### Provided data
....................
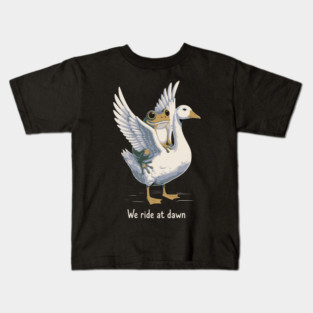 We Ride at Dawn – Funny Frog Riding Goose Chaotic Animal Meme Kids T-Shirt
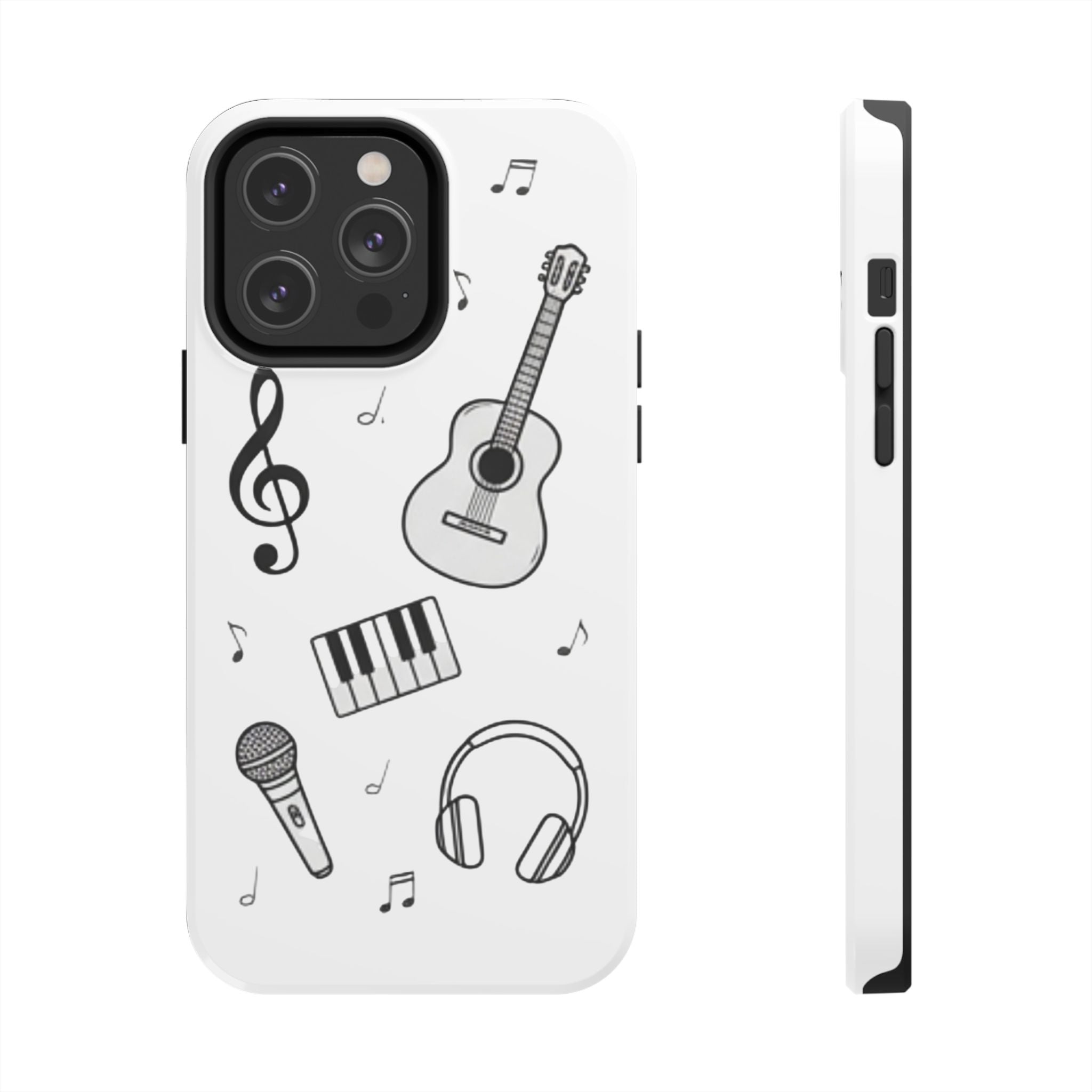Black Music Icons Tough Phone Case | Guitar, Microphone, Keyboard, Headphones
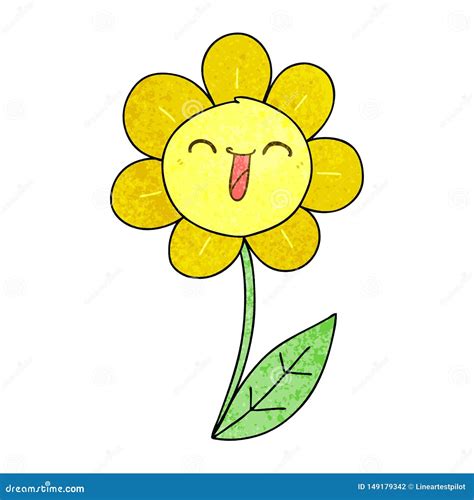 Quirky Hand Drawn Cartoon Happy Flower Stock Vector Illustration Of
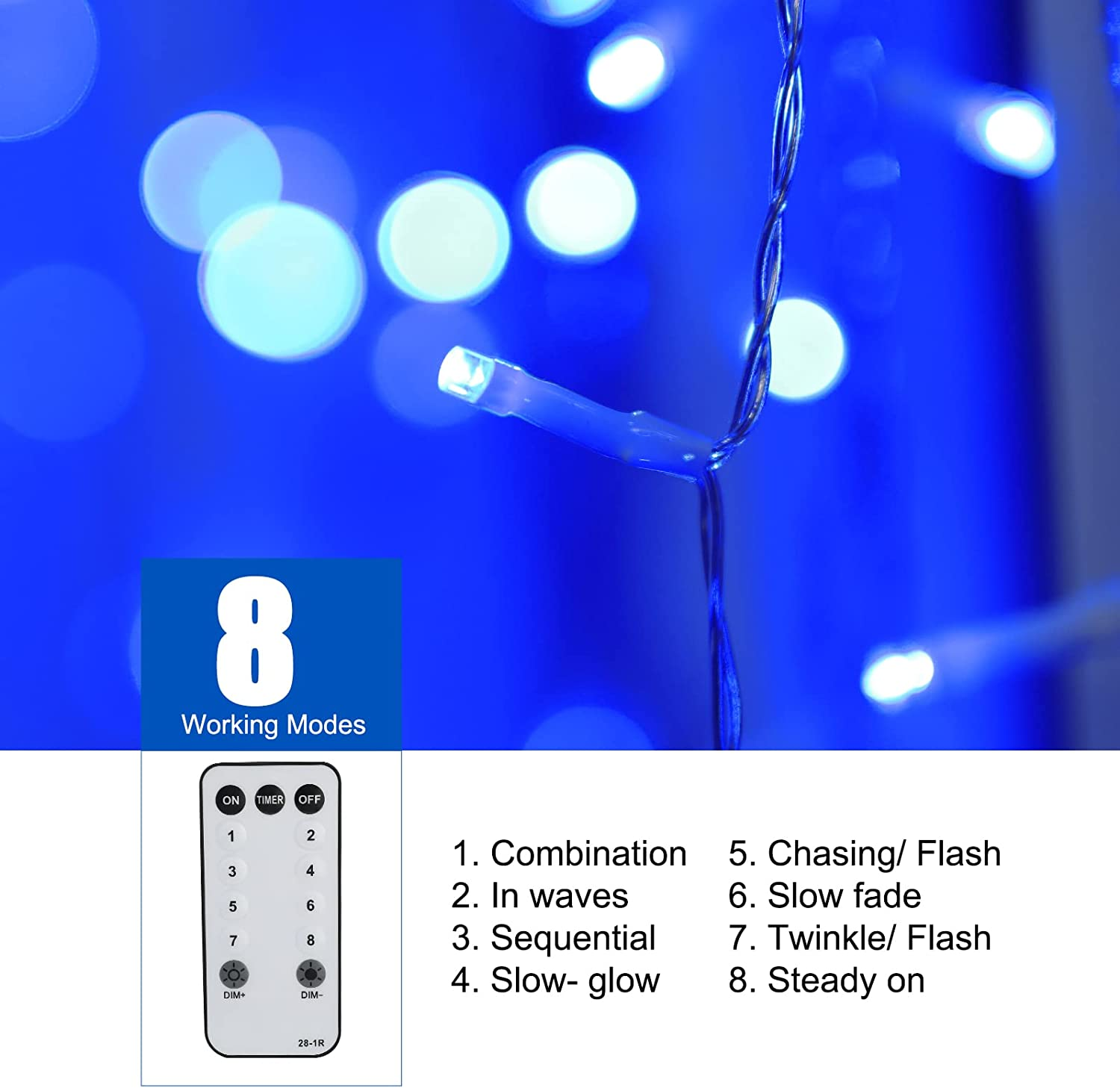 Blue Christmas Lights, 66Ft 736 LED Blue Icicle Lights Outdoor with 138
....................
### Problem to work on
Reproduce all of the data exactly, omitting each picture it holds.

### Finished exercise
 We Ride at Dawn – Funny Frog Riding Goose Chaotic Animal Meme Kids T-Shirt
Black Music Icons Tough Phone Case | Guitar, Microphone, Keyboard, Headphones
 Quirky Hand Drawn Cartoon Happy Flower Stock Vector Illustration Of
 Blue Christmas Lights, 66Ft 736 LED Blue Icicle Lights Outdoor with 138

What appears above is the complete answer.